Problem 3.16 from "Introduction to Electrodynamics" by D. J. Griffiths.
Five sides of a cube are at zero potential. One remaining side (insulated from others) is at potential $V_0$. What is the potential at the center of the cube?
I know how to find analytical solution for this problem (by solving Laplace equation for the given boundary conditions). Is there any other (easier/conceptual) way to find the potential at the "center"? The numerical value comes out to be very close to $V_0/6$. Will it be exactly $V_0/6$? If yes, then what is the reasoning behind it?
Best Answer
It seems that the answer should actually be exact. The proof goes as follows.
Let's define charge distribution $C_1$ the distribution the system (the whole system, not just one side) would have, if boundary conditions are satisfied and 1st side of the cube has potential $V_0$. Let's define similarly $C_2$ ... $C_6$. Now these distributions have an obvious (but very useful) property. Because of superposition, if the system had before some charge distribution and thus some point, which lies on for example surface 1, had previously potential $\phi_1$, after adding $C_i$, it would have potential $\phi_1 + V_0$ if $i = 1$ and $\phi_1$ if $i \neq 1$ (directly from definition of $C_1$).
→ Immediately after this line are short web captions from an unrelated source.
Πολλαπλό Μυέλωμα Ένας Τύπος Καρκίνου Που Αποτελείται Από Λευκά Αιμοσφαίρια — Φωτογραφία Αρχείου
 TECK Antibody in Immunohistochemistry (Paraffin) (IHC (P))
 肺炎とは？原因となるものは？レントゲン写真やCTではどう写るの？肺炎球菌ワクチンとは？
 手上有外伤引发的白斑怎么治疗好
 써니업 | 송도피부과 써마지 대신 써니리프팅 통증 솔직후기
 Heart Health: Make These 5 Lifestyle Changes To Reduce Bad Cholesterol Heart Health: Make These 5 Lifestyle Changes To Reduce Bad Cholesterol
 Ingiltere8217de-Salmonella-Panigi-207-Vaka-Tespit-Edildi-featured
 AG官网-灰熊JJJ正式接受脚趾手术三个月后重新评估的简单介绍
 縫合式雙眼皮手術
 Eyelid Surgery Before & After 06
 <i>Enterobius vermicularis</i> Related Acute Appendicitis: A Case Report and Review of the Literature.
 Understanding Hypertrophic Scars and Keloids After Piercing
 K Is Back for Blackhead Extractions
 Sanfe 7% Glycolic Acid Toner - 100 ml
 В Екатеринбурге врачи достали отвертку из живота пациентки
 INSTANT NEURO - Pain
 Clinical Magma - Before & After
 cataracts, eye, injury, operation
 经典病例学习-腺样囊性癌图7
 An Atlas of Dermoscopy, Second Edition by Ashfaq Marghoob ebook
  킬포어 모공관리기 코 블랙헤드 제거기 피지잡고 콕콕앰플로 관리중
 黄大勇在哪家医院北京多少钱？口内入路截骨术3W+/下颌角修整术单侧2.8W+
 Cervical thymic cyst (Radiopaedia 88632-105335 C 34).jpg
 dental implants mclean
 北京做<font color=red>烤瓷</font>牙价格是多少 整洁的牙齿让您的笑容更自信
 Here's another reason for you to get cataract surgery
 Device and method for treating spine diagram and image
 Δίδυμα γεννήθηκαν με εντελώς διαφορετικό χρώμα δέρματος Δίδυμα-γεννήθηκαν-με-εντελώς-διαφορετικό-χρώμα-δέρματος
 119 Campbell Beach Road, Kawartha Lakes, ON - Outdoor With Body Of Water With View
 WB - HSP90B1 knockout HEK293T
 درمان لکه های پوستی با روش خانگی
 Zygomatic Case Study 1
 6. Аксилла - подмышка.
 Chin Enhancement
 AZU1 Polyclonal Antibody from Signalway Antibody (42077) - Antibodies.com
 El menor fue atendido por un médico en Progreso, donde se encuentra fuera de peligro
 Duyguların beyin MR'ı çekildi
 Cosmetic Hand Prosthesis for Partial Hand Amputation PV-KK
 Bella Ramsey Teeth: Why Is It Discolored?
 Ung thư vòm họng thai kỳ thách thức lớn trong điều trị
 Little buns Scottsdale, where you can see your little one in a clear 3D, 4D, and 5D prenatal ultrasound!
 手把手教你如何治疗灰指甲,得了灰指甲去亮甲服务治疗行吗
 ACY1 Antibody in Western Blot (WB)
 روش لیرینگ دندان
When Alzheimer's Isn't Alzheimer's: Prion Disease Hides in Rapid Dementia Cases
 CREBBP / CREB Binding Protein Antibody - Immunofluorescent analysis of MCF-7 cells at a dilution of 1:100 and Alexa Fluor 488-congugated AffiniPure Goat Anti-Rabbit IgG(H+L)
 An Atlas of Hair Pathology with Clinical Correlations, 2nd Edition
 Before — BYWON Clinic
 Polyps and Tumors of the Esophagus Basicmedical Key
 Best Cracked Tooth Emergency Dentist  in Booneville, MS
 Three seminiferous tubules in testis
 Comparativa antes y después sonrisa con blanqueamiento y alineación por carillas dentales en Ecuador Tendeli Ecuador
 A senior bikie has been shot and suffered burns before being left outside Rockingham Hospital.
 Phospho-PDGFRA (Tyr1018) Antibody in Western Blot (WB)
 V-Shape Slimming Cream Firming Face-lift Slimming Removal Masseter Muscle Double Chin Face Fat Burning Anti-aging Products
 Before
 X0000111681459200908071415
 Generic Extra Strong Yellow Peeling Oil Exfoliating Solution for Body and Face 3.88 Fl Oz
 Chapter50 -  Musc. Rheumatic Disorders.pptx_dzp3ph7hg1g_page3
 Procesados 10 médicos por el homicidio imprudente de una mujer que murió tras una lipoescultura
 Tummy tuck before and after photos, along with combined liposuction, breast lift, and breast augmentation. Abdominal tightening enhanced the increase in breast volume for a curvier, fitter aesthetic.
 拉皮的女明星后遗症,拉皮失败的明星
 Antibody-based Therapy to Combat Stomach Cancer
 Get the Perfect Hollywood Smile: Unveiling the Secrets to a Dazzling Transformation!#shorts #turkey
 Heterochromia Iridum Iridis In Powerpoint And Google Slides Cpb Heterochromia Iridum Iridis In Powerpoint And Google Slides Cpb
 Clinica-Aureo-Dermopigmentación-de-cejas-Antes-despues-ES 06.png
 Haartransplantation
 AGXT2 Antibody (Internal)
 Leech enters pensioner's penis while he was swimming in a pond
Because of symmetry, adding $C_i$ to the system for any $i$, must increase the potential in the center by a constant amount $\Delta V$. However, because of the "obvious" property, if the cube with initially no charges is charged with distribution $C_1 + ... + C_6$, the boundary of the resulting cube is uniformly at potential $V_0$ - which implies that at the center it is also $V_0$ (it is effectively in a metal cage). Thus $\Delta V$ must have been $V_0 / 6$, which is the answer.